### WHAT YOU HAVE TO DO
Work out how many lines of the material contain the string "Dark". Respond with the number only.

### LISTED RECORDS

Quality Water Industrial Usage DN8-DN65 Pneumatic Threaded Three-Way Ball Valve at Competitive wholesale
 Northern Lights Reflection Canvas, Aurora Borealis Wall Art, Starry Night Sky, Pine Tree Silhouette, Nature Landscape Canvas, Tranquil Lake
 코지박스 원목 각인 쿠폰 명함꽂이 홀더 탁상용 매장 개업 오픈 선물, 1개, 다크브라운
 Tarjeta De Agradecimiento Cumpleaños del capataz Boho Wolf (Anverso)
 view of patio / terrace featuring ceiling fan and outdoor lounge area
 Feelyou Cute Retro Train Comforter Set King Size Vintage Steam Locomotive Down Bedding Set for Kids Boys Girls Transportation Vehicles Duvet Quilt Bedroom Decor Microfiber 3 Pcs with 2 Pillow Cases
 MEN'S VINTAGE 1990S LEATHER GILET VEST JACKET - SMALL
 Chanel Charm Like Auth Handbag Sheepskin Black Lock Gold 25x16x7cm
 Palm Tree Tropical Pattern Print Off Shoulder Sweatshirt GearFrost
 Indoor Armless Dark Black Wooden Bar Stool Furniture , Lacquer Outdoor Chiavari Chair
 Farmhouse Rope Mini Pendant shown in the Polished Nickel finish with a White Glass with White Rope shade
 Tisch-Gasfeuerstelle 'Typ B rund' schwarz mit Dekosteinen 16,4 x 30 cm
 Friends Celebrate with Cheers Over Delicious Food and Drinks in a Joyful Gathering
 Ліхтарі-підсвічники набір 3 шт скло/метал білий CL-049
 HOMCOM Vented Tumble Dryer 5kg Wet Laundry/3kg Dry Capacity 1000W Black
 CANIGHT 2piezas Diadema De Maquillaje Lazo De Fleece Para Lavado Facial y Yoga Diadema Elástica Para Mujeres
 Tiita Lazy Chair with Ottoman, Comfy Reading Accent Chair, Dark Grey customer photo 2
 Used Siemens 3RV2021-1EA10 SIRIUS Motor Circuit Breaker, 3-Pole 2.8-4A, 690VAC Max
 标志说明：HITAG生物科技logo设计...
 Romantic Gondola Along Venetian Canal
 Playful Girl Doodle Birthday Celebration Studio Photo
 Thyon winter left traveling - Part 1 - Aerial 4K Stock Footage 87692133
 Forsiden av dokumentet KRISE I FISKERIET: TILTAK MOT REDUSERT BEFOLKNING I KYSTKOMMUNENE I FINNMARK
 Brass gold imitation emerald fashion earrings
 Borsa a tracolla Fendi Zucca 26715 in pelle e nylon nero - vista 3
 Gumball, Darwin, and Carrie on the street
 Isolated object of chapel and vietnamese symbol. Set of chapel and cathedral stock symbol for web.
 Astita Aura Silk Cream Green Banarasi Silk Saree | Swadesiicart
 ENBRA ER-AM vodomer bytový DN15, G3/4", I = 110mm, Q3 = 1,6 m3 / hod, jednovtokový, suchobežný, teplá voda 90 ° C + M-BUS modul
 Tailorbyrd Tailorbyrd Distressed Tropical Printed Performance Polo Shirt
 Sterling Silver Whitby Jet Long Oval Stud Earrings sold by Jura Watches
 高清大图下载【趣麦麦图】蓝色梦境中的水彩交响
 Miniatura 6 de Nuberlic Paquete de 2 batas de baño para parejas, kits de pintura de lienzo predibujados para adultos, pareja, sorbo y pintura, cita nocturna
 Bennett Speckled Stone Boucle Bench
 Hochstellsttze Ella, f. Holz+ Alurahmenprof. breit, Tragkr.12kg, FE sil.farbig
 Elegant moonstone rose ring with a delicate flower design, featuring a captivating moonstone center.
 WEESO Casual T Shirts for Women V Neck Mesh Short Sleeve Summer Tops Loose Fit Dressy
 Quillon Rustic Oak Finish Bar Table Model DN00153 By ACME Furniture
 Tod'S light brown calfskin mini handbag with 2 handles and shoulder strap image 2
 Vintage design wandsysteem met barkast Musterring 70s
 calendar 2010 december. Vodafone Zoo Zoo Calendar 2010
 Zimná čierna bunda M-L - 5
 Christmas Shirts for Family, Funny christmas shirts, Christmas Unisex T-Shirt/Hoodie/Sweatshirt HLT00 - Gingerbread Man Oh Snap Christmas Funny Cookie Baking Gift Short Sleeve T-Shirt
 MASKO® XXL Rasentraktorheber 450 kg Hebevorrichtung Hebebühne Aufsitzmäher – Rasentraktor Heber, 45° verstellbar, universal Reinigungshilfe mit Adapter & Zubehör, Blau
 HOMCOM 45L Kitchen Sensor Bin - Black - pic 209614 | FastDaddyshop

### RESPONSE
2